Requirement
Repeat word for word the opening stretch of the entries, from the first line through the line containing "Fernando Romay acercará".

Data section
____
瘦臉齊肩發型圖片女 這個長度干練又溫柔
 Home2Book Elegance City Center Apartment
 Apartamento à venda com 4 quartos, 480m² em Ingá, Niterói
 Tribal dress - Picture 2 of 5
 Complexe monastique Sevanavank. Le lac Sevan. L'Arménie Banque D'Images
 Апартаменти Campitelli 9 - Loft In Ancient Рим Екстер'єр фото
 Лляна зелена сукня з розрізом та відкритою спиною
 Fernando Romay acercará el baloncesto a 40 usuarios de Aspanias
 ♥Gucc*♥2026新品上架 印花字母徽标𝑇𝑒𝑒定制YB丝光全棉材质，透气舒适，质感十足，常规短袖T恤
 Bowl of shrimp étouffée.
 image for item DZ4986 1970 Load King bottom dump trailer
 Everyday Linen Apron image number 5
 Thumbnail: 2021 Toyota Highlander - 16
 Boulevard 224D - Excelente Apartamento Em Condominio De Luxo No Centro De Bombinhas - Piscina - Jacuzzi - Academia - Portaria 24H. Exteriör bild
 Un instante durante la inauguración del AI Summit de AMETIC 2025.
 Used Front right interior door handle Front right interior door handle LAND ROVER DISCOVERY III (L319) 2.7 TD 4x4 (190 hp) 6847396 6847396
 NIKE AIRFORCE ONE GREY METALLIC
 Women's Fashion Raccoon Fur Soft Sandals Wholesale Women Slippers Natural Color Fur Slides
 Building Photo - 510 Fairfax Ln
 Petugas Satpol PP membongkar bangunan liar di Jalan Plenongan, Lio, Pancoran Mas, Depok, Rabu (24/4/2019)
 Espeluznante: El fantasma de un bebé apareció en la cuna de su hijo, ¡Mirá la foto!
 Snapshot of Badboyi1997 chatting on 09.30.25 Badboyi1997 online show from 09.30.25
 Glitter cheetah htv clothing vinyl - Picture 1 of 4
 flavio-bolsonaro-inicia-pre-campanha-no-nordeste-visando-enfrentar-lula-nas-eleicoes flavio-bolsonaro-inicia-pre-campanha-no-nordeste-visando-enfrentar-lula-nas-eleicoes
____
Response area
瘦臉齊肩發型圖片女 這個長度干練又溫柔
 Home2Book Elegance City Center Apartment
 Apartamento à venda com 4 quartos, 480m² em Ingá, Niterói
 Tribal dress - Picture 2 of 5
 Complexe monastique Sevanavank. Le lac Sevan. L'Arménie Banque D'Images
 Апартаменти Campitelli 9 - Loft In Ancient Рим Екстер'єр фото
 Лляна зелена сукня з розрізом та відкритою спиною
 Fernando Romay acercará el baloncesto a 40 usuarios de Aspanias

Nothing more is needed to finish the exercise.